The lessons that can be taken from this latest financial services scandal are not just about the LIBOR rate setting processes. If we want to be really smart about this we need to look at the underlying issue. When we boil it down, it looks like this:
People behaved inappropriately.
When it comes to operational risks, root causes, more often than not, have to do with human behaviours. If organisations are going to ‘do risk’ well they need to do so from the basis of a realistic appraisal of those behaviours.
Such an assessment might suggest that a fundamental part of human nature is to look for ways to game the system. When there’s a benefit to be had, someone, somewhere will look to take advantage sooner or later. The moral boundary will stop most of us from transgressing but, when it comes to a major prize, it’s not enough to simply trust that we’ll all behave ourselves.
Is this overly cynical? A bit too Theory X for comfort? Perhaps. But let’s not get carried away – I’m not suggesting that workplaces are populated with entirely untrustworthy scallywags who all need to be watched. At all times. Forever.

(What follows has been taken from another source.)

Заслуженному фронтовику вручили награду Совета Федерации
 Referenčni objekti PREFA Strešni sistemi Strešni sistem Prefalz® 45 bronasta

Big Brother is to be avoided, I’m sure we all agree, and an enlightened management approach to empowerment in the workplace is no bad idea. But that enlightenment should extend to an adult conversation about human behaviour, temptation and the practical limitations of ‘trust’ as a control.
So, talking of trust, here’s an idea for a sort of litmus test to gauge the level of control required in a process: assess the work from the perspective of trust – what are we trusting our people to do and what happens if that trust is broken?
An uncomfortable conversation? Possibly, but it comes with the territory and if risks flow from human behaviours then the Risk discipline must find ways to meet that head on. If it means difficult conversations, so be it. The alternative is a future of mopping up.